**SUPPLIED MATERIAL:**
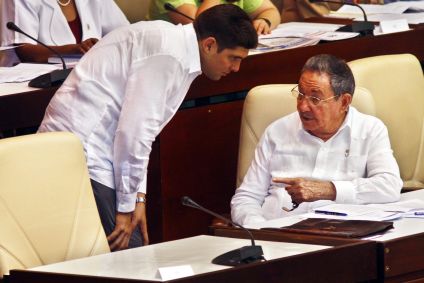 O então presidente cubano Raúl Castro (à direita) conversa com seu neto e guarda-costas Raúl Guillermo Rodríguez Castro durante uma sessão da Assembleia Nacional de Cuba no Palácio das Convenções, em 1º de agosto de 2010, em Havana, Cuba.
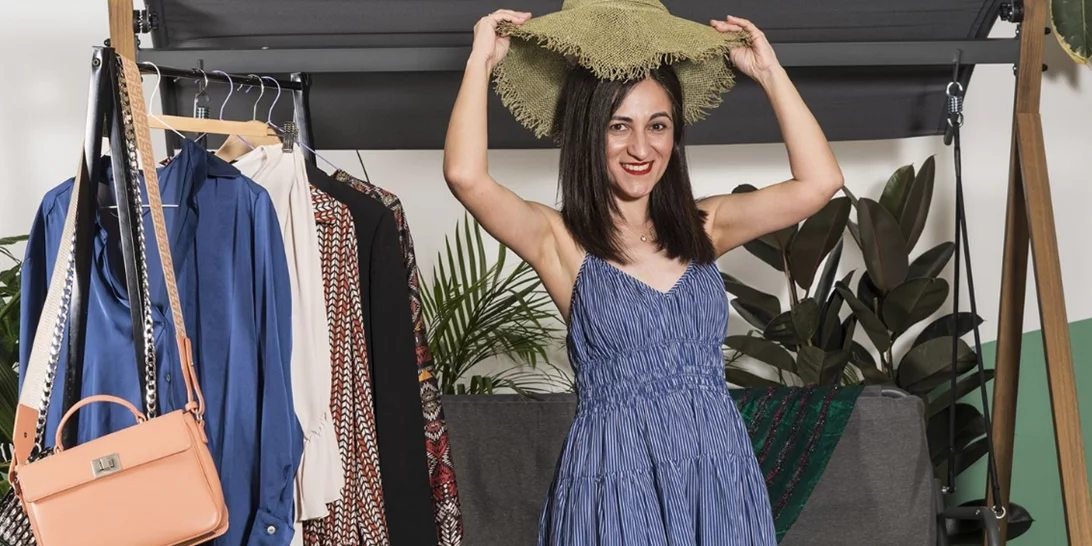 Πώς θα οργανώσεις ένα decluttering ρούχων στη βεράντα σου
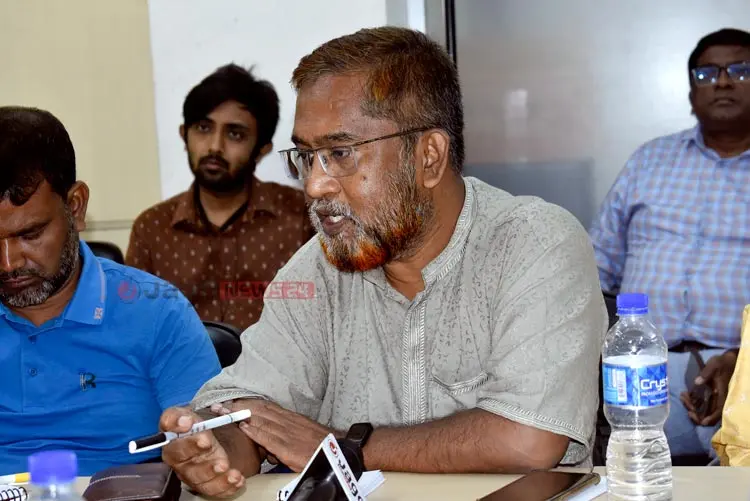 এস এম নাজের হোসাইন 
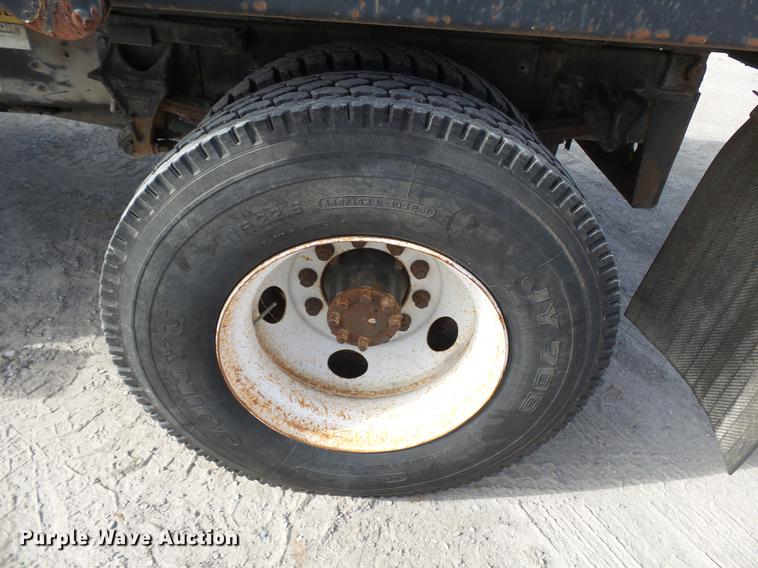 image for item DA2471 2006 International 4200 dump truck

**WHAT YOU SHOULD DO:**
Set the preceding data down again word for word, omitting images.

**RESPONSE:**
 O então presidente cubano Raúl Castro (à direita) conversa com seu neto e guarda-costas Raúl Guillermo Rodríguez Castro durante uma sessão da Assembleia Nacional de Cuba no Palácio das Convenções, em 1º de agosto de 2010, em Havana, Cuba.
 Πώς θα οργανώσεις ένα decluttering ρούχων στη βεράντα σου
 এস এম নাজের হোসাইন 
 image for item DA2471 2006 International 4200 dump truck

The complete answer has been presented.